Vitamin-D Receptor Activation (VDRA) in Chronic Kidney Disease (SOLID)

Main question:

May 12 weeks of VDRA treatment reduce the pathological sympathetic overactivation associated with moderate kidney disease?

Secondary questions aim to thrown light on how VDRAs can reduce albuminuria and CRP, i.e. does VDRA treatment improve (prespecified statistical analyses):

A) diastolic dysfunction? B) capillary microcirculation, and whether ameliorated disturbances relate to improved diastolic dysfunction? C) endothelial dysfunction and arterial stiffness? D) inflammatory activation? E) platelet function and haemostasis? F) levels of antibacterial peptides? G) levels of IGFBP-1 and adiponectin?

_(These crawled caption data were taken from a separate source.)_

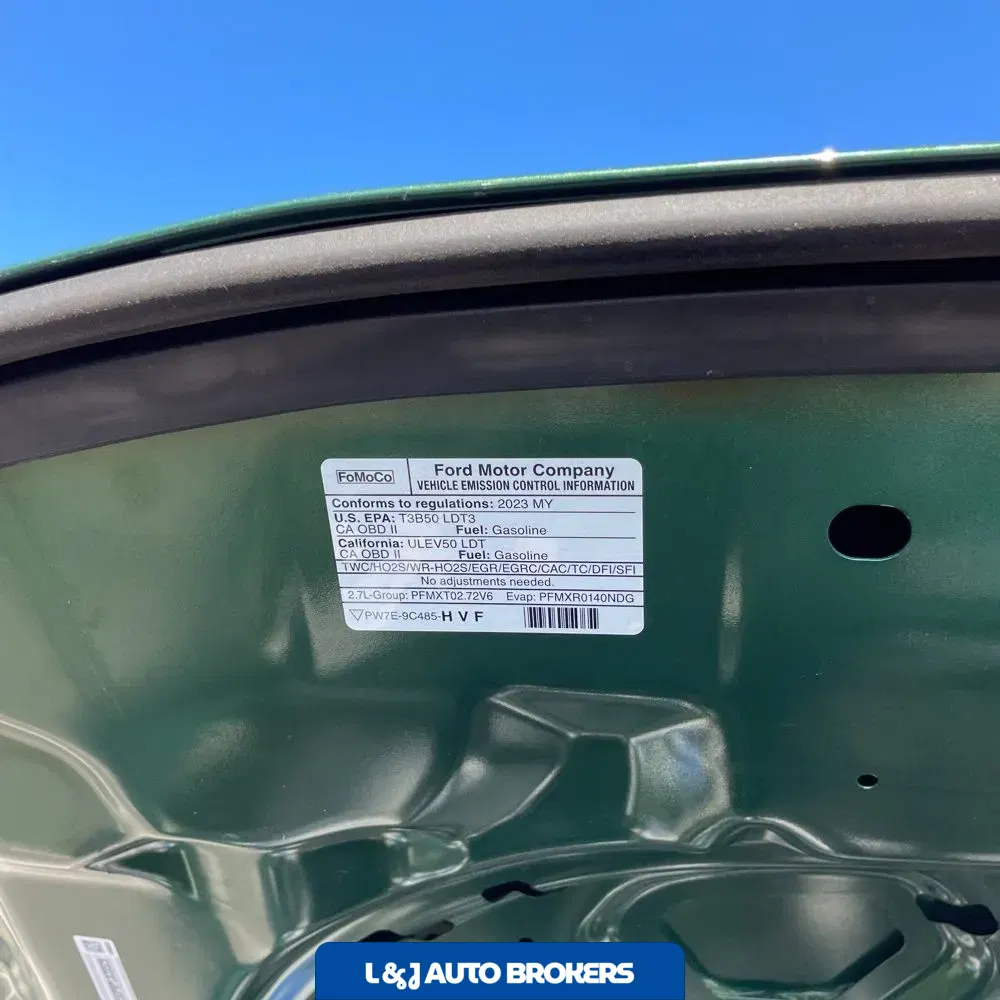 2023 Ford Bronco Wildtrak Advanced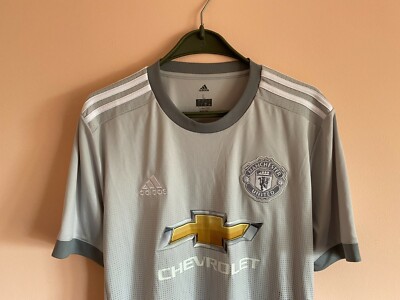 Manchester United Third 2017/18 Junior Kit : Maillots de foot et NBA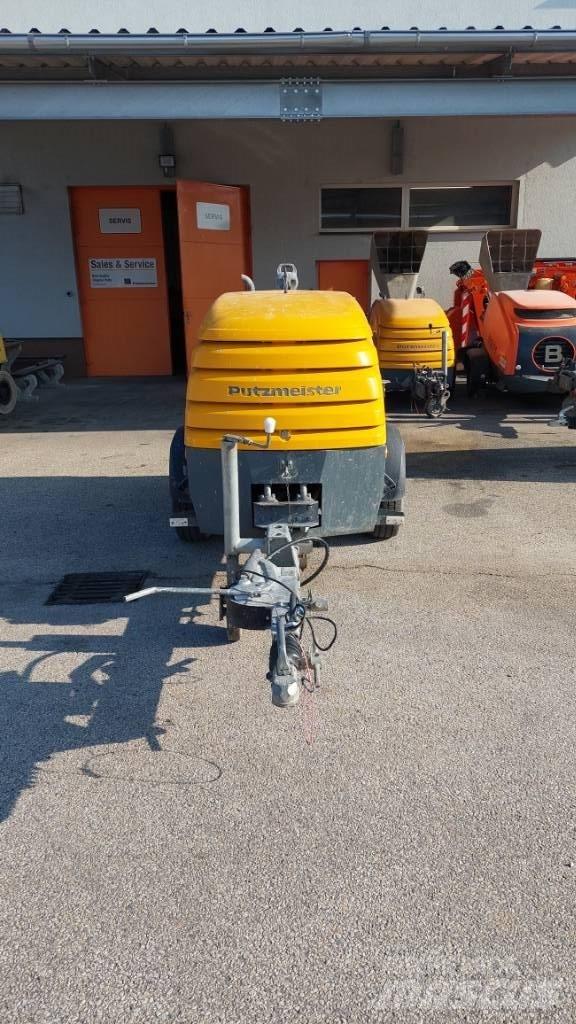 Putzmeister P 718 TD Betonpumper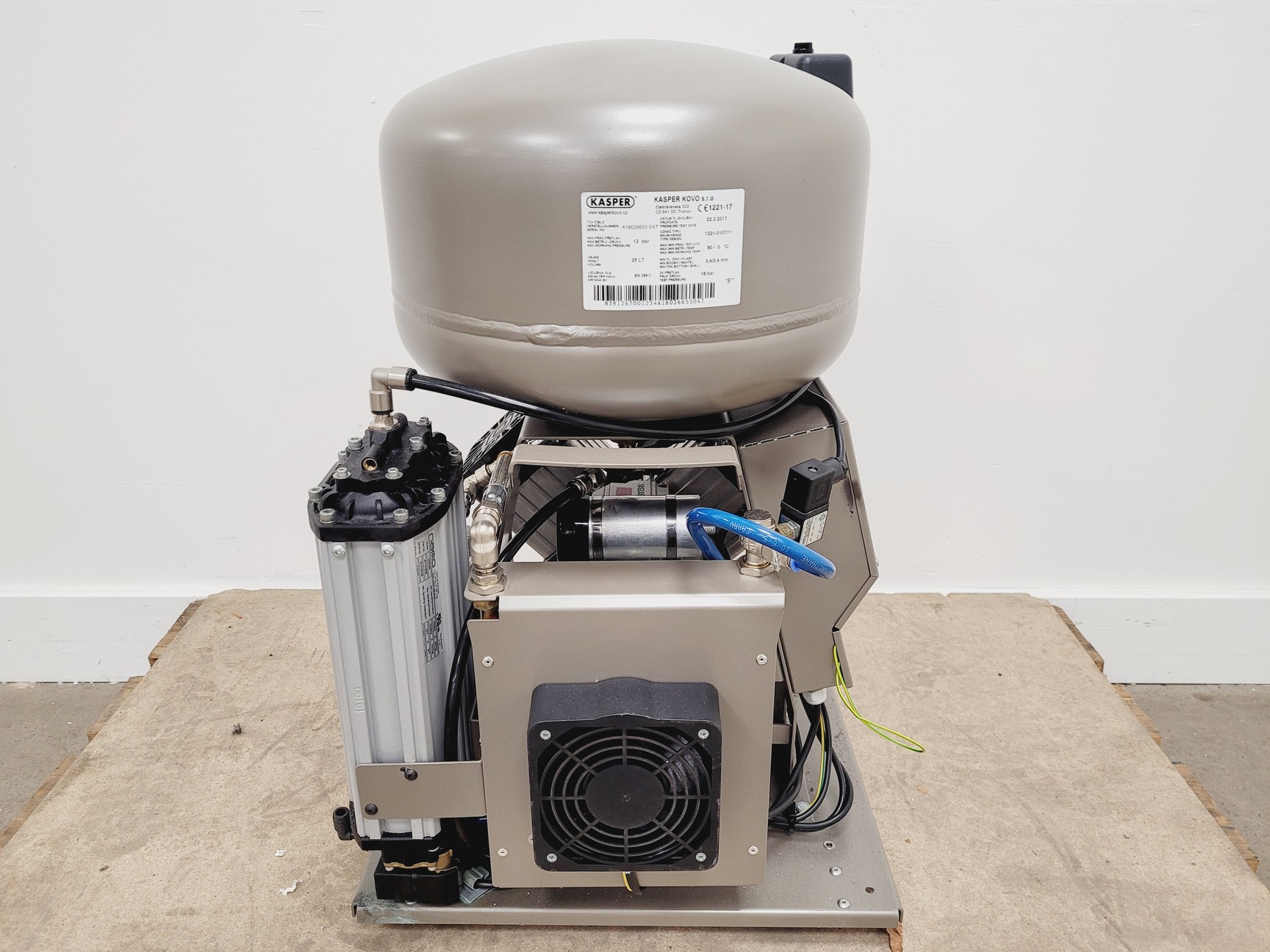 Image of Ekom DK50 2VS/M Air Compressor W/ Enclosure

Overall design The study is designed as a double-blind, randomised, placebo-controlled trial involving two groups (n=72) of patients: 1) chronic kidney failure (CKD, eGFR 15-59 mL/m2) and 2) chronic kidney failure and concomitant diabetes mellitus (CKD+DM).

It will start with a two-week placebo run-in, followed by randomisation to:

1. Zemplar 1 μg (taken as 1 x 1 μg capsule and one placebo capsule),
2. Zemplar 2 μg (taken as 2 x 1 μg capsules) and
3. placebo (taken as two placebo capsules).